Bank Negara governor Datuk Seri Abdul Rasheed Ghaffour said in a media briefing for the release of the central bank’s annual report for 2024 that while exports growth could moderate in the face of more severe trade restrictions and geopolitical conflicts, household spending and the robust expansion in private sector investments should support growth.

Bank Negara projects global growth to expand by 2.8% and 3.3% on the back of positive labour market conditions, moderating inflation and easing monetary policy and, the global technology upcycle.

The central bank projects headline inflation for this year to average between 2% and 3.5%, with core inflation, stripped of energy and food items, to average between 1.5% and 2.5%.

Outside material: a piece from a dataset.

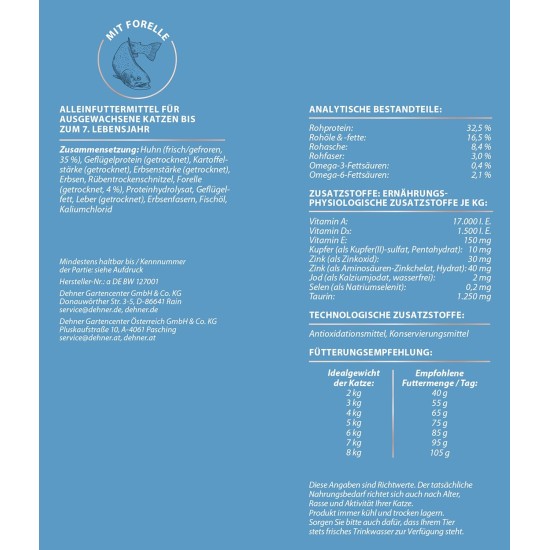 Dehner Premium Cat Food Dry Food Grain Free Adult Cat Trout 2kg Dehner Premium Cat Food Dry Food Grain Free Adult Cat Trout 2kg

Abdul Rasheed said inflation would trend higher but remain manageable on the implementation of the RON95 subsidy rationalisation, expansion of the sales and service tax to cover more items and services and, the revision of the minimum monthly wage to RM1,700 from RM1,500.

Abdul Rasheed pointed out that monetary policy would continue to focus on maintaining price stability for sustainable economic growth.

“Domestic monetary and financial conditions will remain supportive of financing needs amid sustained economic expansion. Credit demand will be driven by positive prospects of domestic growth and income,” he said, adding that despite the potential risks from external developments, the country’s financial markets would remain resilient and well-positioned to preserve orderly market conditions.

Bank Negara has kept the overnight policy rate, the key interest rate, at 3% since May 2023.

The current account surplus would range between 1.5% and 2.5% of GDP this year on higher goods surplus and lower services deficit. The factors supporting the current account balance this year would be the continued technology upcycle driving demand for electrical and electronic exports, improving inbound tourism and travel receipts and higher inward income repatriation.

The economy grew by 5.1% last year driven by a 5.1% growth in private consumption, 12% rise in total investments and the return to positive growth in exports, which increased 8.5%. Headline inflation in 2024 moderated to 1.8% from 2.5% in 2023.